The unconsolidated yarn has a cotton count of 29.7, a pin count of
10.8 mm., and is comprised of fibers of 1.9 dpf having the fiber
length histogram shown in FIG. 3. It has 2.8 free ends per cm. The
unconsolidated yarn is a clean yarn as shown by its nep count of 4,
and it is also a strong yarn as shown by its lea product of 3800.
Its tenacity is 0.61 gpd. When tested for evenness, it has a CV of
15.0 at 0.076 cm. cut length and 2.58 at 549 cm. cut length. The
distribution of fiber lengths is further characterized as
follows:
32.8 cm. number average fiber length
43.9 cm. weight average fiber length
12% of fibers no longer than 12.7 cm.
82% of fibers longer than 12.7 cm. and no longer than 76 cm.
6% of fibers longer than 76 cm.
The consolidated yarn has a relatively high level of entanglement
as shown by its pin count of 4.83 mm. It has 2.7 free ends per cm.

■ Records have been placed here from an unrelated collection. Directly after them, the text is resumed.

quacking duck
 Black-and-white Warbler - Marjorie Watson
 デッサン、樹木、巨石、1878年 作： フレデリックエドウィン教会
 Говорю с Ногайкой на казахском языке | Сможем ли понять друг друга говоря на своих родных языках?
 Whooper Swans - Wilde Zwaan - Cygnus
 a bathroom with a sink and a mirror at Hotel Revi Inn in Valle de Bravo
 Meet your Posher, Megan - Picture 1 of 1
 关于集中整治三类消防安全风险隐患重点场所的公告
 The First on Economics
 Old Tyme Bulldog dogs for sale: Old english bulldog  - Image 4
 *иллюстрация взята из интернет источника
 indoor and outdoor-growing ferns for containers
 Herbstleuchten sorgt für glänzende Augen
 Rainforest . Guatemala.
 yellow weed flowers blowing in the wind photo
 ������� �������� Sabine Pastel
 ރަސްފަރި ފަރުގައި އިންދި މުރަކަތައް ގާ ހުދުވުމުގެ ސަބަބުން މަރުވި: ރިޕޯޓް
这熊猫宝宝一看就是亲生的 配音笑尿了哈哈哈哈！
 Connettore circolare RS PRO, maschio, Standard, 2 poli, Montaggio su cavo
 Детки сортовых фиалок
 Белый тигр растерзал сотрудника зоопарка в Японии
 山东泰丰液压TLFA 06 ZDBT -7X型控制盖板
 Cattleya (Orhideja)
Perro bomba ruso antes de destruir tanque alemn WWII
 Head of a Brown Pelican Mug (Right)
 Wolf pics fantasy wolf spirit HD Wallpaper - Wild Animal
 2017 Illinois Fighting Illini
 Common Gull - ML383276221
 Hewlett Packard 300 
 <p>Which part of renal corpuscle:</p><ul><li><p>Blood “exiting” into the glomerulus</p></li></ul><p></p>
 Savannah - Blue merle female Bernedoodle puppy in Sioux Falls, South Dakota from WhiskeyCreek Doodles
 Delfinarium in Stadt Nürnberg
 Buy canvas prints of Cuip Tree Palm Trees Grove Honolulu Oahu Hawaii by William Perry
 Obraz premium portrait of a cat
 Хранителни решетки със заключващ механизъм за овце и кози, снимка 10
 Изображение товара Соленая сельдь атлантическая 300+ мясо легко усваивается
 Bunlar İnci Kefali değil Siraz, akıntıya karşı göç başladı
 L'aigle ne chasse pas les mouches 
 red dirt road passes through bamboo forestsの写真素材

It is a clean yarn of high strength, as shown by its nep count of
10 and its lea product of 5000. Its tenacity is 2.1 gpd. It also
has good evenness properties, as shown by its CV of 15.5 at 0.076
cm. cut length and 3.0 at 549 cm. cut length. Table II summarizes
the properties and characteristics of the entangled yarn products
of this and subsequent examples.
As can be seen from the following three comparative examples
outside the scope of the invention, reducing the ratch length used
in Example I and replacing the feed filaments with filaments of
excessive elongation results in yarns of poorer evenness and quite
poor cleaness.
Comparative Example IA
Polyester continuous filaments having a high variable elongation at
break are prepared, stretch-broken and entangled in a modification
of the process described in Example I. In carrying out this
process, six ends of 642 denier, 110 filament, zero-twist tow of
continuous filaments of polyethylene terephthalate having an RV of
20.7 and spun at 1372 mpm., having a tenacity of 1.52 gram/denier,
an elongation of 355%, and containing 0.08% of the finish described
in Example I are consolidated by a guide and passed into the nip of
the feed rolls, across a 41.9 cm. hot shoe with a 15.2 cm. contact
length at 100.degree.-105.degree. C. to form a ribbon of parallel
continuous filaments, and through the nip of the drafting zone
input rolls. Additional details of the process employed in
preparing the yarns of this example are summarized in Table I. The
continuous filaments in the drawn ribbon supplied to the drafting
zone have elongations varying from 77 to 139% (averaging 108%), and
the shrinkage of the ribbon is 25%.
The unconsolidated yarn has a cotton count of 30.4 and is comprised
of fibers of 1.65 dpf having the fiber length histogram shown in
FIG. 4. The unconsolidated yarn is too weak to test for evenness
and to determine a tenacity value at the 76-cm. gauge length in the
tensile testing machine. A tenacity value of 0.39 gpd is obtained
when a 25.4-cm. gauge length is used.
The consolidated yarn has a relatively high level of entanglement
as shown by its pin count of 2.54 mm. Its cleanness is quite poor,
as shown by its nep count of 260. Additional details of the
products of this comparative example are given in Table II.
Comparative Example IB
Comparative Example IA is repeated, using a longer ratch length in
the drafting zone and revised feed zone settings, the details being
given in Table I. The continuous filaments in the drawn ribbon
supplied to the drafting zone have a high variable elongation at
break, the elongations varying from 77 to 141% (averaging 105%),
and the shrinkage of the ribbon being 22%.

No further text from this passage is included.